> _TASK STATEMENT_: Write out again, word for word, the lines below from the line that holds "Used 2024 Kia Niro Wind FWD image 13" through the line that holds "Photo of 2025", omitting pictures.

> _DATA PROVIDED_:
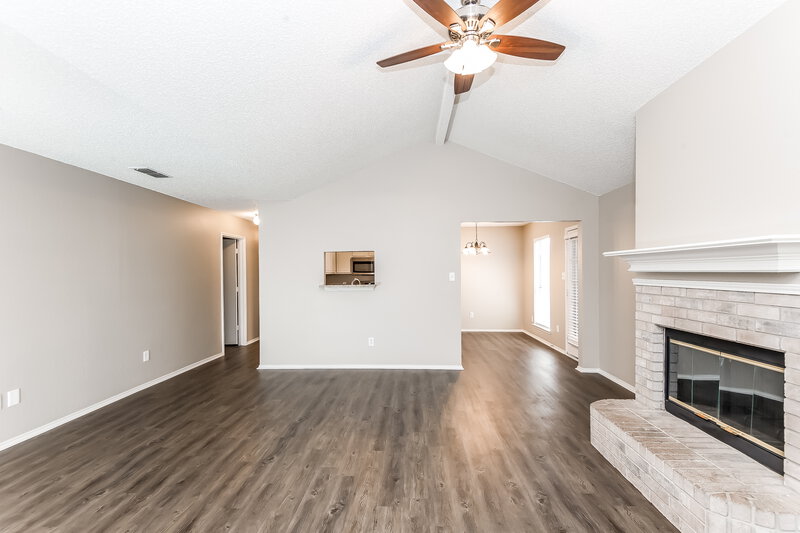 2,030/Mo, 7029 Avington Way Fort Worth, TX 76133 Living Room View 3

==

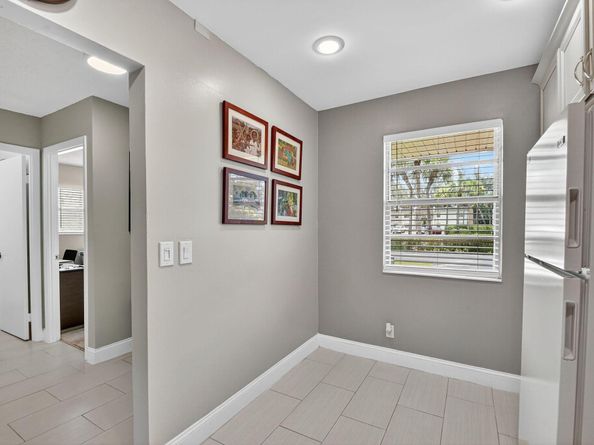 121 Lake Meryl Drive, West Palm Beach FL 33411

* * *

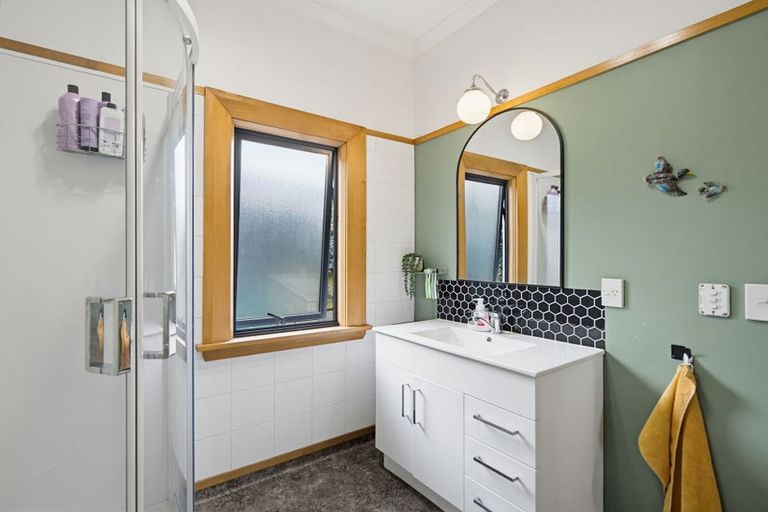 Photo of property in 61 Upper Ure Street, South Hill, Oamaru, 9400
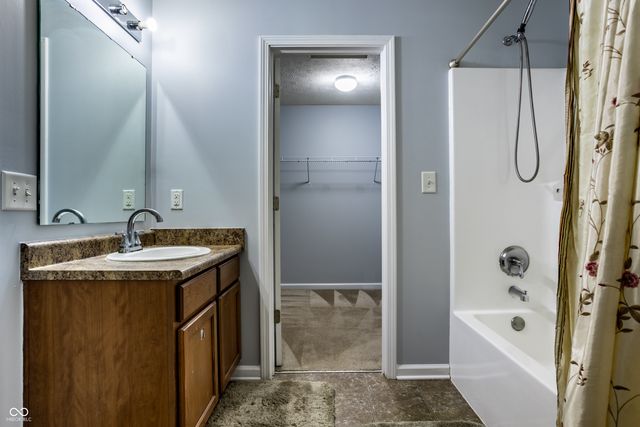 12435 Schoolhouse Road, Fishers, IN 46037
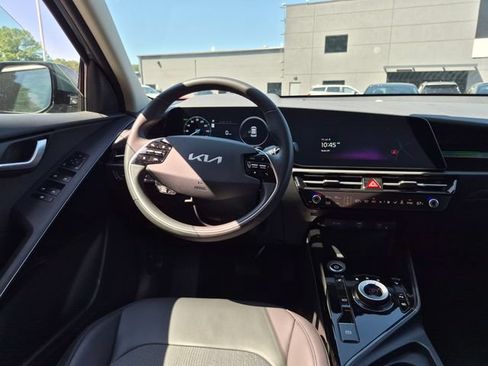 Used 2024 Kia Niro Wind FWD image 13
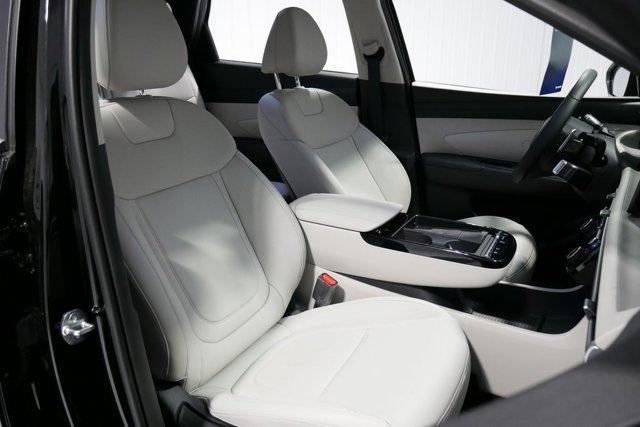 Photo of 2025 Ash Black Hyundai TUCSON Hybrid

> _EXERCISE RESPONSE_:
 Used 2024 Kia Niro Wind FWD image 13
 Photo of 2025 Ash Black Hyundai TUCSON Hybrid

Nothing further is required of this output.